:: Dataset records ::
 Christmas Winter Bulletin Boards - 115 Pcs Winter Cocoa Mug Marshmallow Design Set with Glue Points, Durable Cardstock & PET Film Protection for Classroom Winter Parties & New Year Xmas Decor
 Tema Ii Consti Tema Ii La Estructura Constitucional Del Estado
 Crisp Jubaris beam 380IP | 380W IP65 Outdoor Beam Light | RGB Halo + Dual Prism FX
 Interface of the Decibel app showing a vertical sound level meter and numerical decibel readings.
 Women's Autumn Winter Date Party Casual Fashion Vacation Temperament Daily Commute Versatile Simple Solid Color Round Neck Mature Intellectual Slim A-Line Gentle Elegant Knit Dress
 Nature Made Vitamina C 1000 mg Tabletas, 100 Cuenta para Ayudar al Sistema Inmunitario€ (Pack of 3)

:: Assignment ::
The lines from the one holding "Women's Autumn Winter" to the last line of the entries, both included: retype them exactly and give nothing else.

:: Your solution ::
 Women's Autumn Winter Date Party Casual Fashion Vacation Temperament Daily Commute Versatile Simple Solid Color Round Neck Mature Intellectual Slim A-Line Gentle Elegant Knit Dress
 Nature Made Vitamina C 1000 mg Tabletas, 100 Cuenta para Ayudar al Sistema Inmunitario€ (Pack of 3)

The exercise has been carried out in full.